Previous research in psychology, neuroscience, and behavioral economics has shown that people have difficulty predicting what they will like and how much they will like it, which leads them to make a wide variety of poor decisions. Interventions aimed at improving the accuracy with which people imagine future events have been generally unsuccessful.via ScienceDaily
So rather than trying to improve human imagination, Gilbert and his colleagues sought to eliminate it from the equation by asking people to predict how much they would enjoy a future event about which they knew absolutely nothing -- except how much a total stranger had enjoyed it.
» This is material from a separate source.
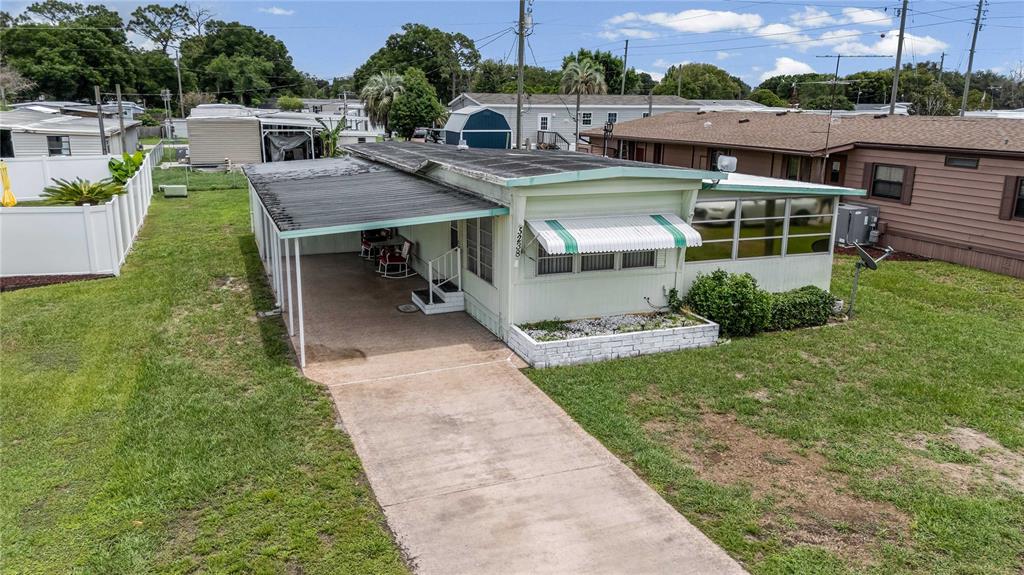 An exterior view of a light green mobile home with a carport and attached sunroom — 5238 BETMAR DRIVE, ZEPHYRHILLS, FL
Amazingly enough, those people made extremely accurate predictions.
In one experiment, women predicted how much they would enjoy a "speed date" with a man. Some women read the man's personal profile and saw his photograph, and other women learned nothing whatsoever about the man, but did learn how much another woman (whom they had never met) had enjoyed dating him. Women who learned about a previous woman's experience did a much better job of predicting their own enjoyment of the speed date than did woman who studied the man's profile and photograph.
Interestingly, both groups of women mistakenly expected the profile and photo to lead to greater accuracy, and after the experiment was over both groups said they would strongly prefer to have the profile and photograph of their next date.
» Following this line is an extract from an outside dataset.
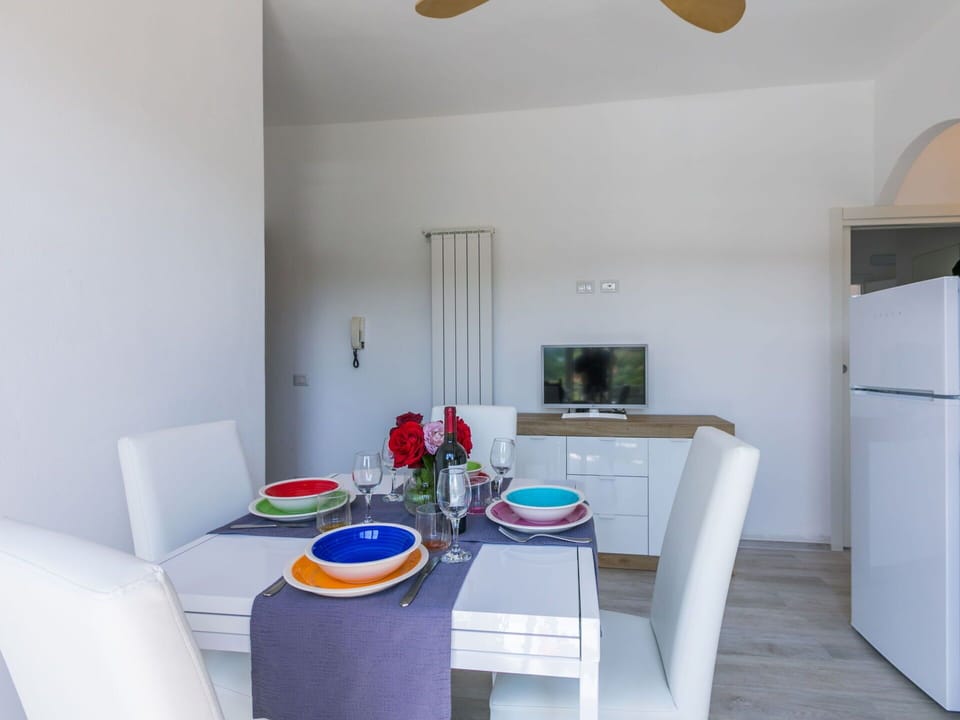 Cabinetry, Furniture, Property, Azure, Interior Design, Lighting, Architecture, Table, Flooring, Floor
In the second experiment, two groups of participants were asked to predict how they would feel if they received negative personality feedback from a peer. Some participants were shown a complete written copy of the feedback. Other were shown nothing, and learned only how a total stranger had felt upon receiving the feedback. The latter group more accurately predicted their own reactions to the negative feedback. Once again, participants mistakenly guessed that a written copy of the feedback would be more informative than knowledge of a total stranger's experience.